James Billyeald

Personal information
- Full name: James Billyeald
- Born: 20 January 1835 Hyson Green, Nottingham, England
- Died: 8 July 1890 (aged 55) Hyson Green, England
- Batting: Right-handed
- Bowling: Round-arm medium

Domestic team information
- 1871: Derbyshire
- Only FC: 17 August 1871 Derbyshire v Lancashire

Career statistics
| Competition | First-class |
| Matches | 1 |
| Runs scored | 15 |
| Batting average | 15.00 |
| 100s/50s | 0/0 |
| Top score | 11* |
| Catches/stumpings | 0/– |
- Source: CricketArchive, 14 December 2010

= James Billyeald =

English cricketer

James Billyeald (20 January 1835 – 8 July 1890) was an English cricketer who played for Derbyshire in 1871.

Billyeald was born at Hyson Green near Nottingham, the son of Thomas Billyeald and his wife Annis Hallam. He became a commercial traveller for wares, groceries and seeds and was living at Wirksworth. Between 1866 and 1870 he played cricket for various teams including Wirksworth Cricket Club, Nottingham Commercial Club and Gentlemen of Derbyshire. In 1871 he was living at Dale House, Wirksworth.

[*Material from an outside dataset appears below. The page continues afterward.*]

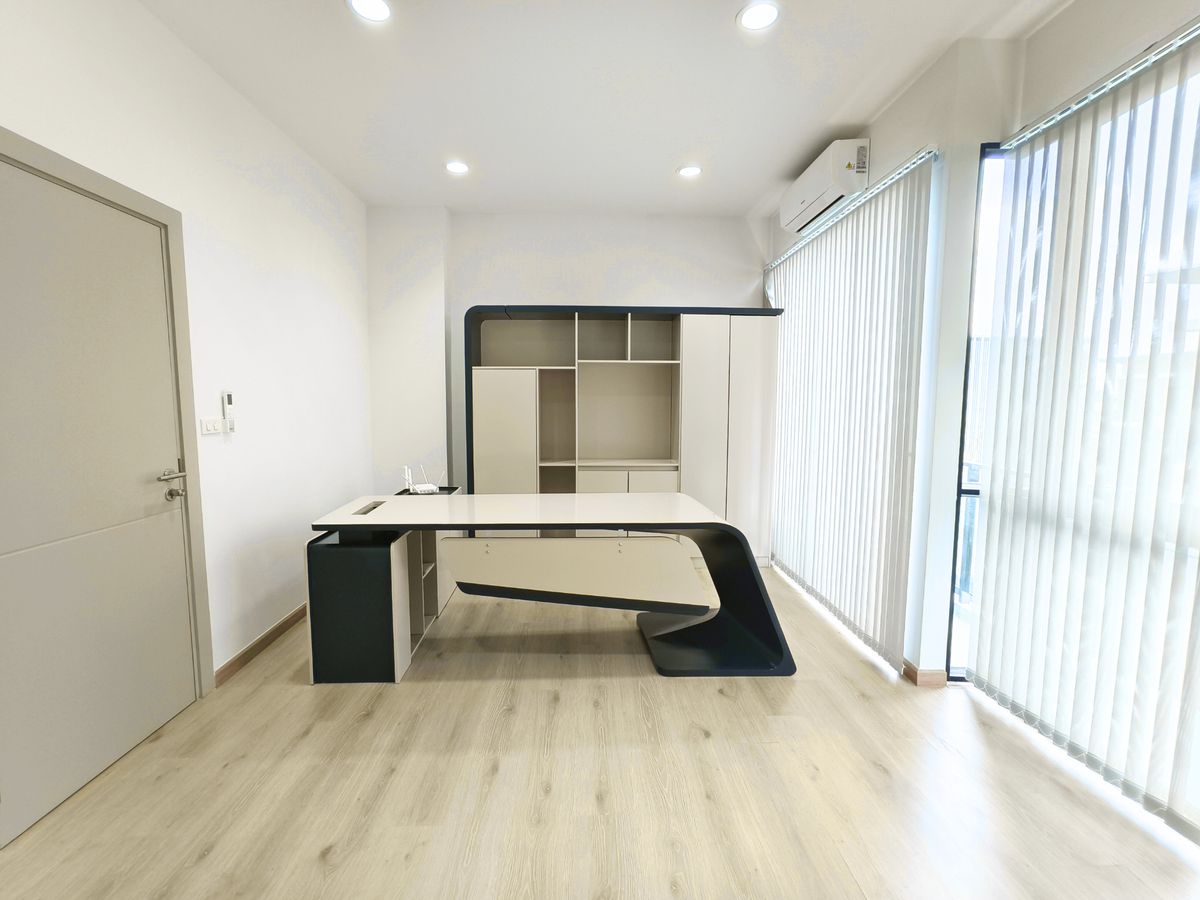 ให้เช่าโฮมออฟฟิศเกษตร นวมินทร์ ลาดปลาเค้า : ให้เช่า โฮมออฟฟิศหรู 4 ชั้น ติดถนนนวลจันทร์ Premium Place Mix Ekamai-Ramintra หน้ากว้าง 5.5 เมตร 2 ห้องทำงานใหญ่ 3 ห้องนอน 4 ห้องน้ำ 28 ตร.ว.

Billyeald played for Derbyshire in the 1871 season in their second match against Lancashire in August. Following a promising 11 not-out innings from a tailend position in the first innings, Billyeald switched to the upper order in the second and made 4. Billyeald was a right-handed batsman and played two innings in one first-class match and a total of 15 runs. He was a round-arm medium-pace bowler.

Billyeald died in Hyson Green at the age of 55.

Billyeald married Matilda Mounteney at Radford Nottinghamshire in 1859.